Prairie Chicken fails to state a claim under the ADA because he fails to allege that he has a disability. Prairie Chicken's initial filing with the EEOC alleged that he was discriminated against “on the bases of race (American Indian), sex (male), disability (mental and physical), and age (67)[.]” Doc. 1-1 at 2. But in the facts of his complaint, he only alleges that he has “been discriminated against because of age, Indian Preference, [and] sex” and makes no mention of a disability. See Doc. 1 at 6. Prairie Chicken does indicate on his complaint form that his employer failed to accommodate his disability and that he has been discriminated against based on a “disability or perceived disability [,]” but he provides no facts at all about any claimed disability. See Id. at 8. Even if this Court construed this portion of Prairie Chicken's complaint form along with his attached Notice of Right to Sue letter as alleging disability discrimination, he still fails to identify his disability or explain how his alleged adverse employment actions are a result of his disability as required under Fenney. See 327 F.3d at 711 (citing Duty, 293 F.3d at 490). Thus, Prairie Chicken's ADA claims are dismissed without prejudice under 28 U.S.C. § 1915(e)(2)(B)(ii).

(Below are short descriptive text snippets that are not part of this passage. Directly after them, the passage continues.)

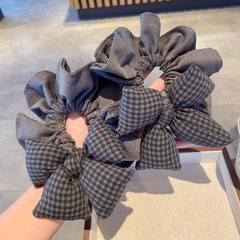 撞色海绵蝴蝶结格纹发圈百搭发绳丸子头皮筋头绳褶皱头花发饰批发
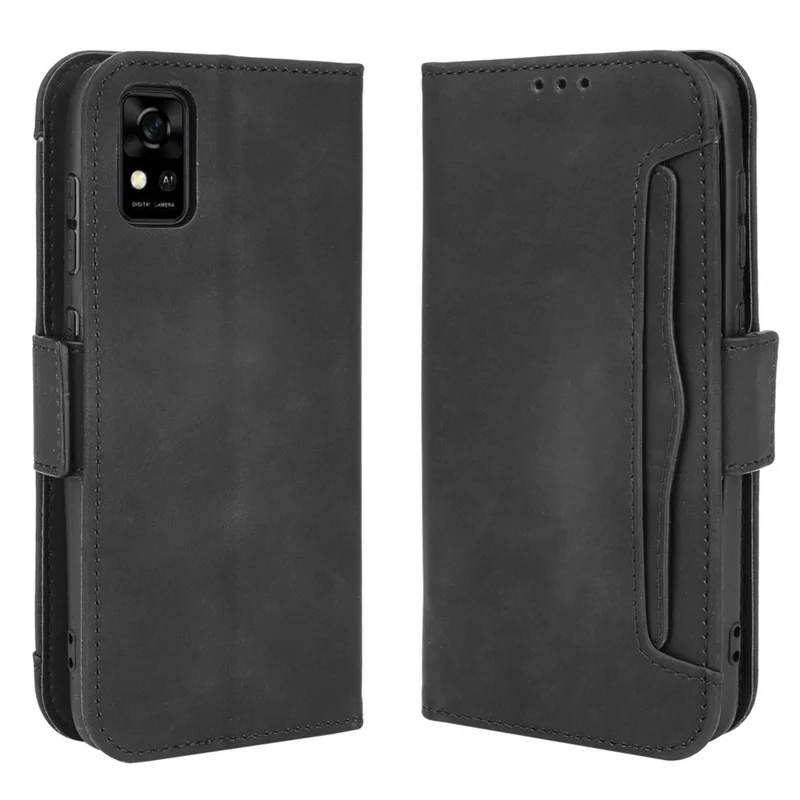 Multiple Card Slot Design PU Leather Flip Phone Case Wallet Stand Cover Shell for ZTE Blade A31 - Black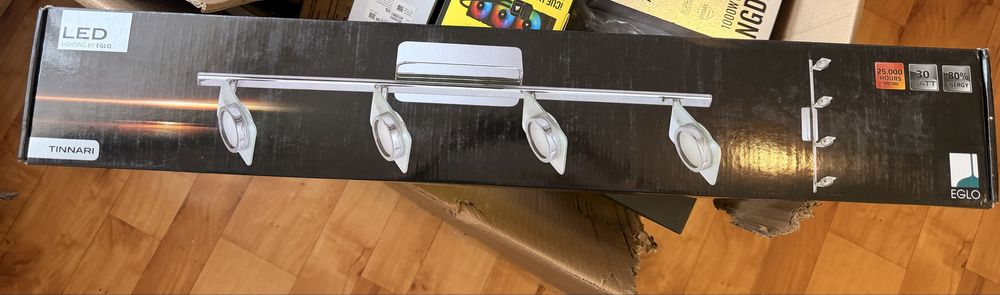 Plafonieră LED Eglo Tinnari – 4 Spoturi (Design Modern, Argintiu)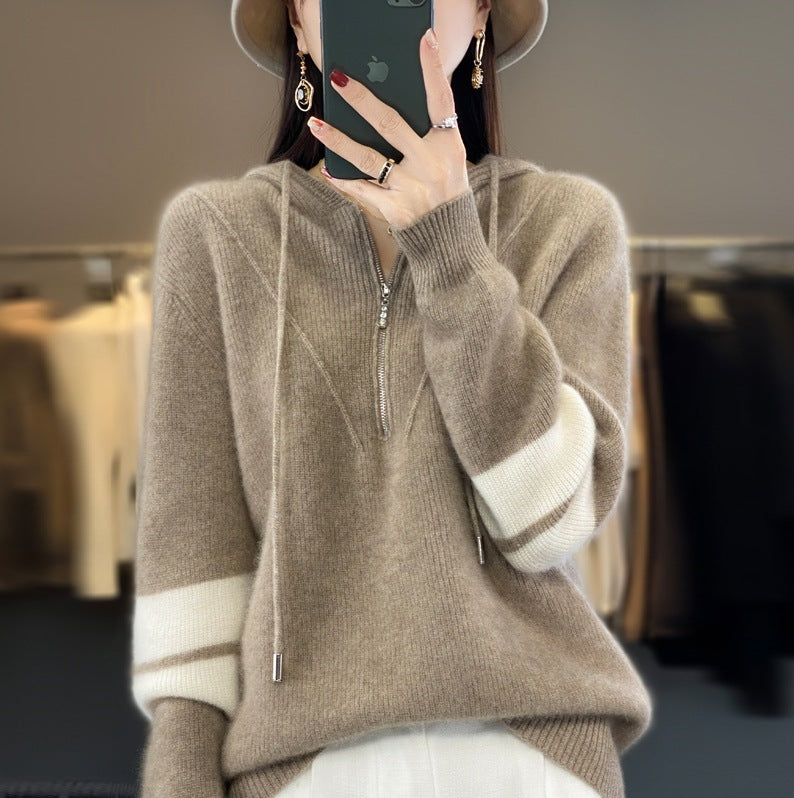 Hooded Zipper Knit Sweater for Women - Thickened, Color-Block Design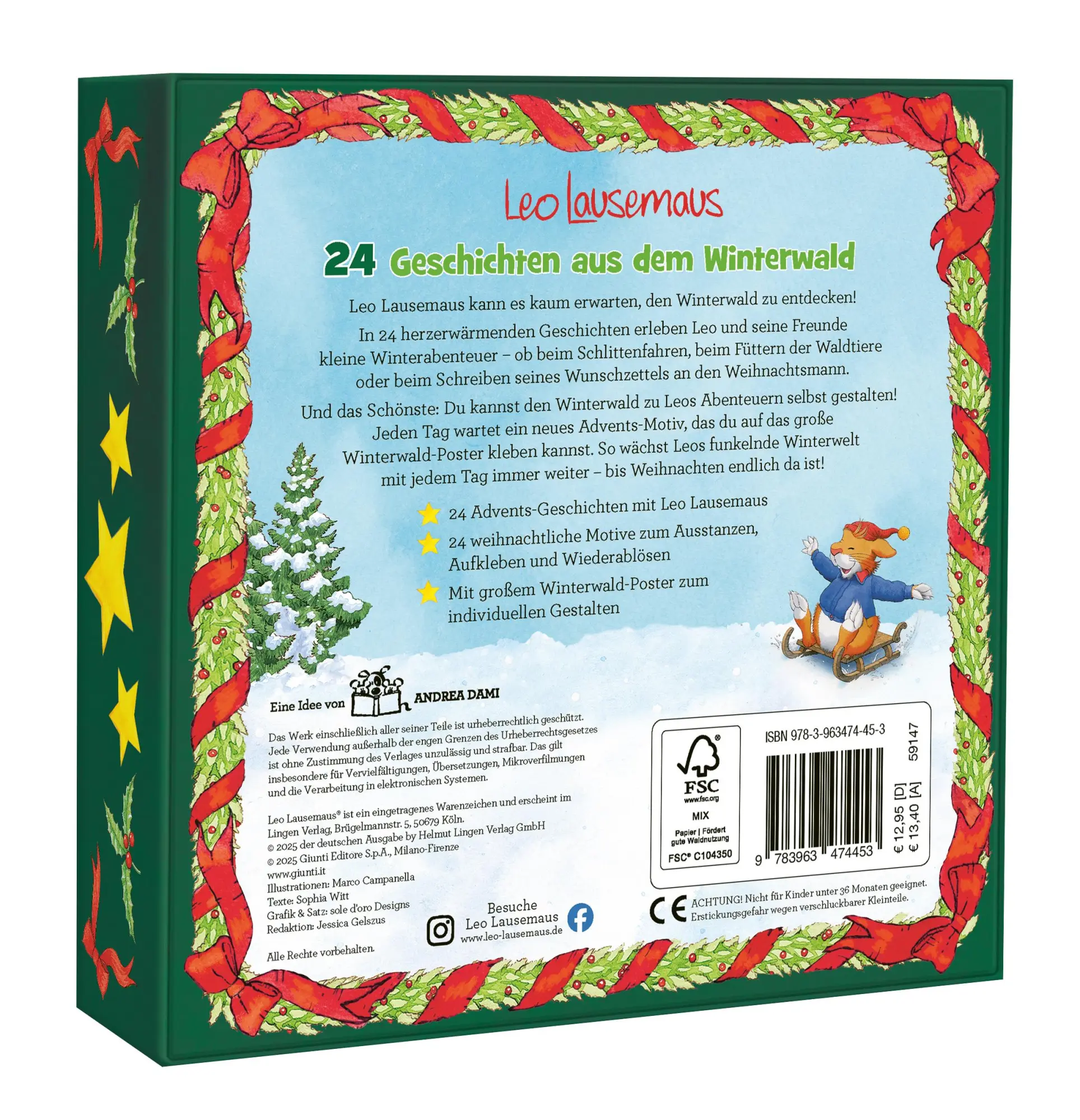 Rückseite: 9783963474453 | Leo Lausemaus - 24 Geschichten aus dem Winterwald | Sophia Witt | 2025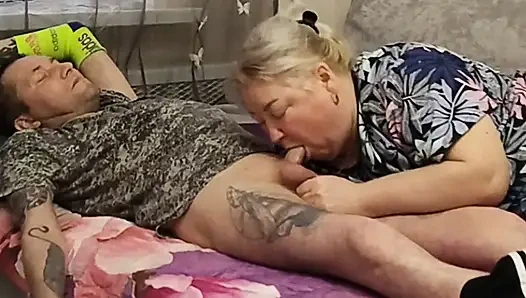Mother-in-law sucks cock to get a portion of hot cum in her mouth
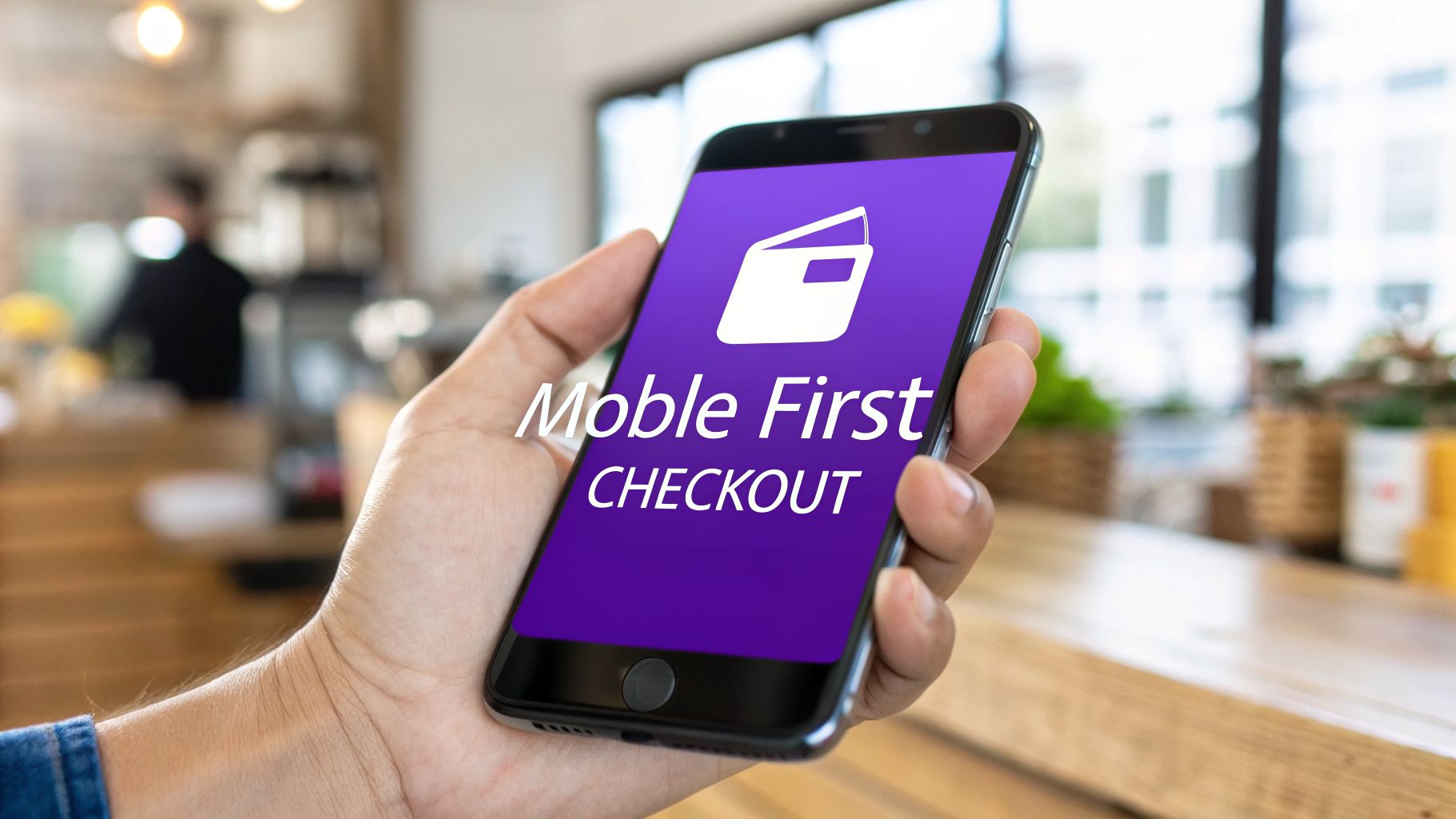 A hand holds a smartphone displaying a 'Mobile First CHECKOUT' screen with a wallet icon.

III. Motion for Appointment of Counsel
Prairie Chicken has filed a motion for appointment of counsel. Doc. 3. “A pro se litigant has no statutory or constitutional right to have counsel appointed in a civil case.” Stevens v. Redwing, 146 F.3d 538, 546 (8th Cir. 1998). In determining whether to appoint counsel to a pro se litigant, this Court considers the complexity of the case, the ability of the litigant to investigate the facts, the existence of conflicting testimony, and the litigant's ability to present his claims. Id. At this time, Prairie Chicken's claims do not appear to be complex, and he is able to investigate the facts and present his claims adequately. This Court believes that Prairie Chicken is capable of pursuing his claims pro se at this phase of litigation, and his motion for appointment of counsel, Doc. 3, is denied at this time.
IV. Order
Accordingly, it is
ORDERED that Prairie Chicken's motion for leave to proceed in forma pauperis, Doc. 2, is granted and his initial filing fee is waived. It is further
ORDERED that Prairie Chicken's motion for appointment of counsel, Doc. 3, is denied. It is further
ORDERED that Prairie Chicken's Title VII and ADE A claims survive § 1915 screening. It is further
ORDERED that Prairie Chicken's ADA claims are dismissed without prejudice under 28 U.S.C. § 1915(e)(2)(B)(ii). It is further
ORDERED that the Clerk of Court shall prepare and issue a summons for service under Rule 4(i) (1) and (2) of the Federal Rules of Civil Procedure. It is further
ORDERED that the United States Marshals Service shall serve the completed summons, together with a copy of the complaint, Doc. 1, and this order upon the defendant. It is further
ORDERED that the defendant will serve and file an answer or responsive pleading to the complaint on or before 60 days following the date of service because the defendant falls under Fed.R.Civ.P. 12(a)(2). It is finally
ORDERED that Prairie Chicken will keep the court informed of his current address at all times. All parties are bound by the Federal Rules of Civil Procedure and by the court's Civil Local Rules while this case is pending.